La cible est peu défendable. Archétype du sport bourgeois, le golf est coûteux, met en avant l’élégance et la précision et utilise fréquemment des mécanismes de ségrégation de genre et de classe comme la cooptation. Son traitement de faveur dénote et illustre le sens des priorités des sphères dirigeantes : alors que dans les champs, l’irrigation est drastiquement réduite, le droit d’arroser copieusement les greens est accordé. L’action s’inscrit donc pleinement dans une perspective d’écologie sociale pour dénoncer la responsabilité des plus riches et de l’État dans la crise écologique.

Ces dernières années en France, XR fait partie des organisations qui attirent de nombreuses primo-militantes et militants. Souvent très jeunes, ils et elles constituent la base du mouvement. Ce qui ressort lors des accueils c’est l’envie d’agir concrètement et hors du répertoire militant plan-plan (tractages, manifestations, piquet de grève, etc.). Les groupes locaux répondent à cette demande par une hyperactivité de désobéissance civile qui manque de réflexion sur le long terme. L’attaque des golfs est donc particulièrement représentative de la méthode XR pour le meilleur et pour le pire. Une action cathartique mais sans résultats durables. L’enjeu de construire un mouvement social solide pour vaincre la société capitaliste est mis en concurrence avec le sentiment d’urgence à agir.

défrayer la chronique pour attiser le débat public

Comme la grande majorité des actions XR, le sabotage des trous de golf s’inscrit dans une stratégie un peu faible : s’attaquer à un symbole et défrayer la chronique pour attiser le débat public. C’est en soi un véritable succès : plusieurs journaux se sont emparés du sujet et l’action a fait une petite déflagration sur les réseaux sociaux. En revanche, les golfs ont remis en état leurs parcours en une journée et le gouvernement n’a pas daigné s’intéresser aux revendications. Ces actions éclairs s’effaceront rapidement de la mémoire de l’opinion publique et n’auront pas permis d’instituer un réel rapport de force, crucial pour espérer un changement.

Pourtant, dans une période où les organisations politiques peinent à mobiliser et à construire un mouvement social, XR brille par son dynamisme. Si ce genre d’action ne permet pas ou peu de changement structurel, cela a des répercussions très claires en termes de rayonnement de l’organisation. Une sympathisante ou sympathisant qui voit passer l’information sur les réseaux me semble plus susceptible de rejoindre le mouvement que suite à une simple distribution de tracts à la sortie de la fac.

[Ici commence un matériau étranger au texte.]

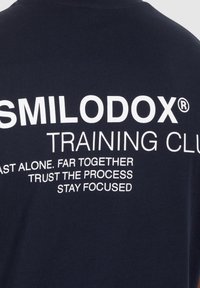 Camiseta de algodón azul marino con texto blanco audaz: "SMILODOX® TRAINING CLUB" con frases motivacionales debajo, diseño de corte recto.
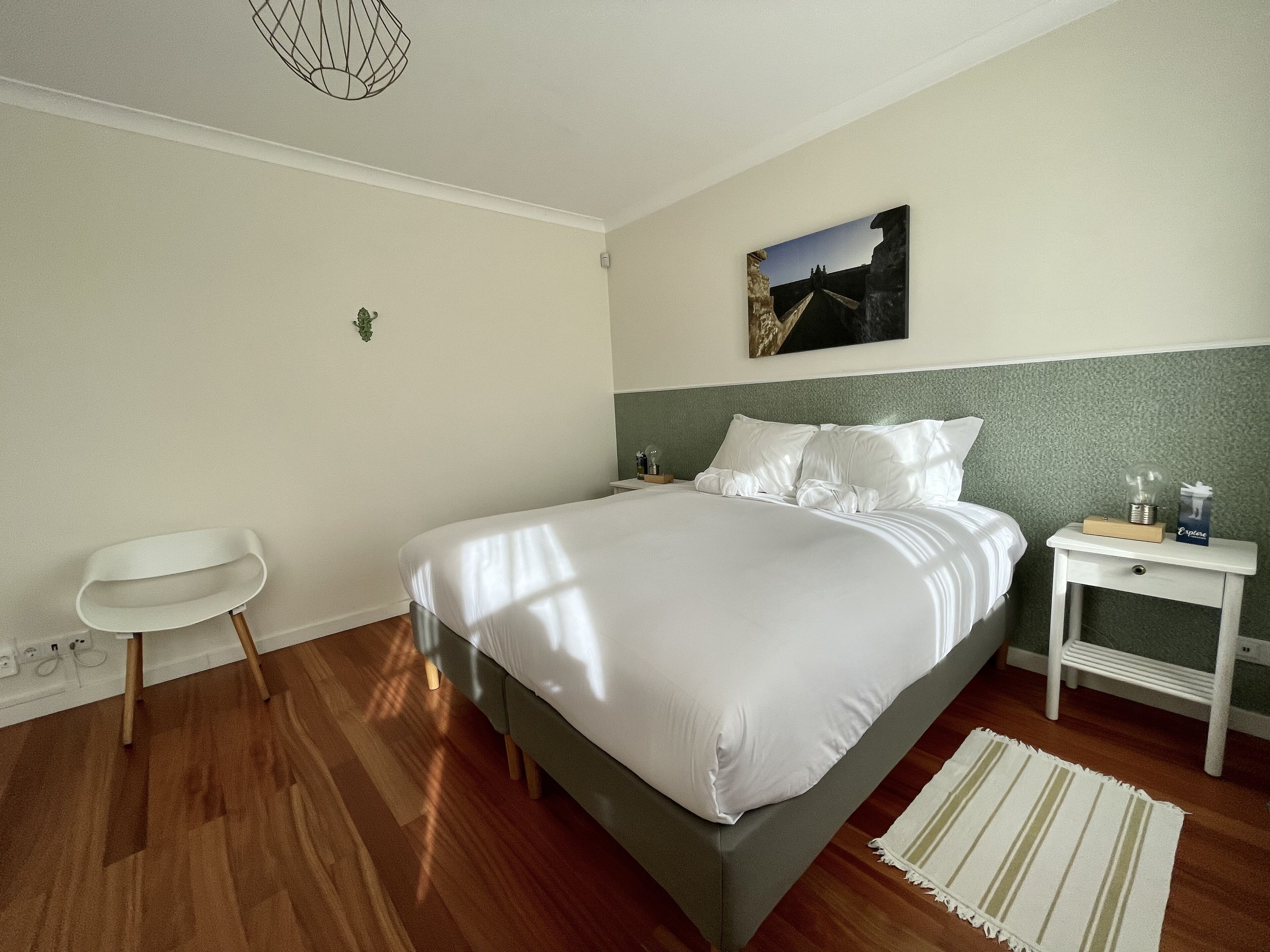 A modern bedroom with a large bed, a chair, a nightstand, and a painting on the wall.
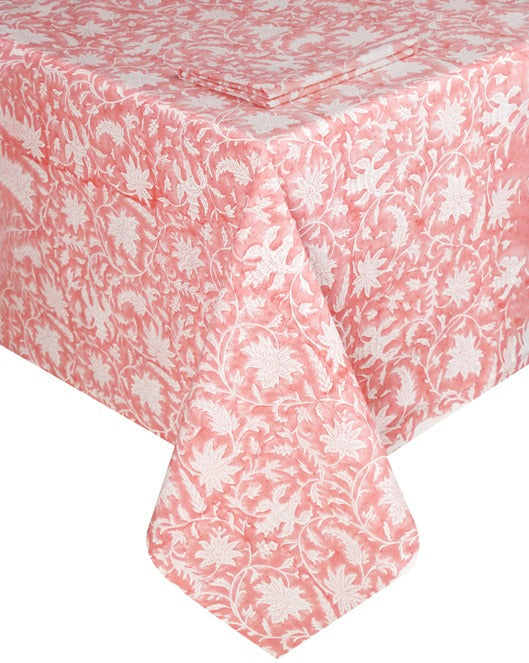 The Madrid Table Linen Collection by SLOANE BY HAND features a pink and white floral fabric that elegantly drapes over the sides and corners of a rectangular table.
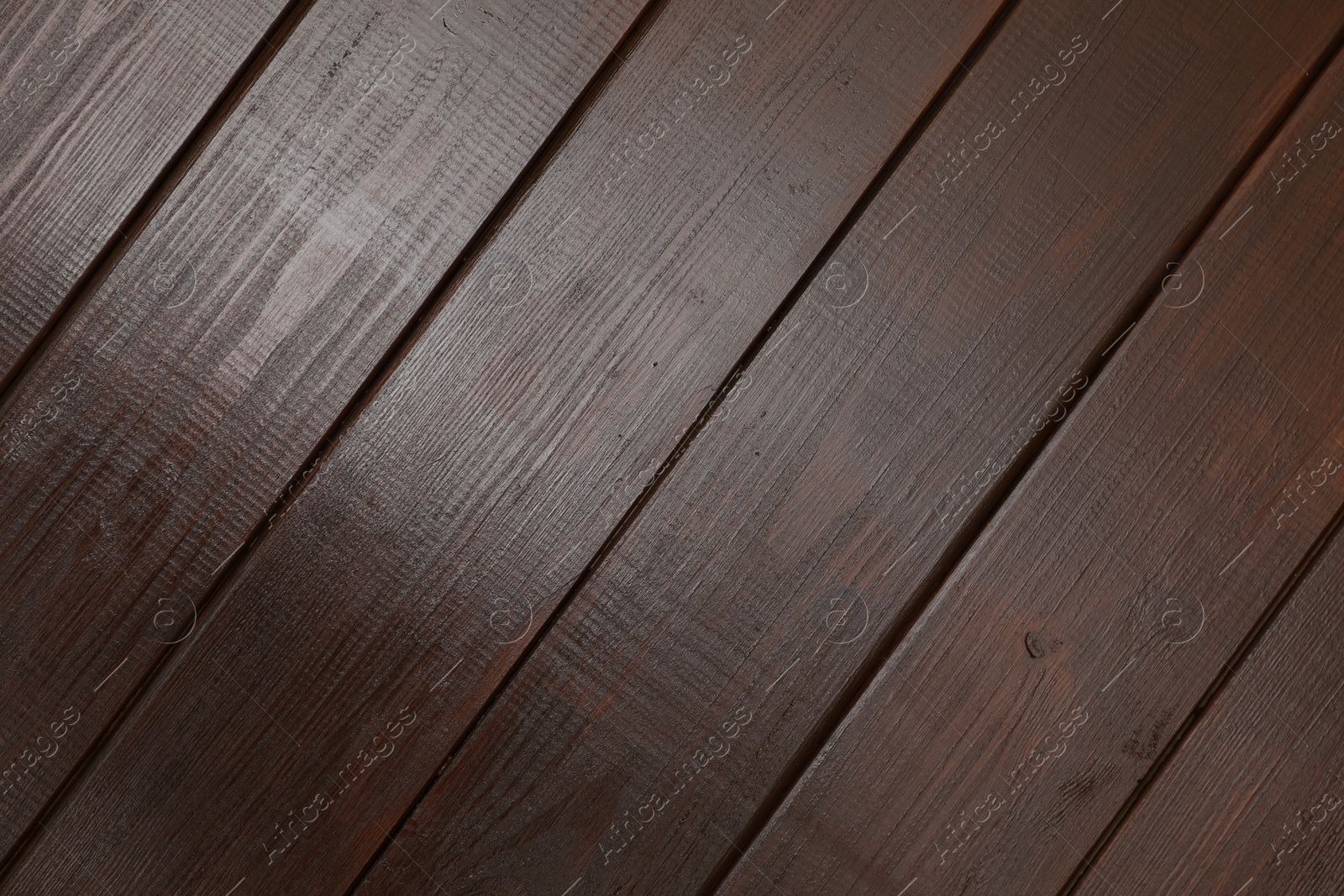 Photo of Texture of dark wooden surface as background, top view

La méthode XR s’inscrit dans un paysage politique divers. Elle présente des faiblesses stratégiques et en premier lieu son manque d’impacts durables et structurels. En revanche, elle offre une porte d’entrée au militantisme à beaucoup de jeunes. Si certains et certaines restent à XR, d’autres continuent d’explorer un monde politique moins accessible spontanément. Face à ces nouvelles formes de militantisme, nous devons rester à l’écoute, porter une critique constructive en termes de stratégie et nous inspirer de leur communication dynamique.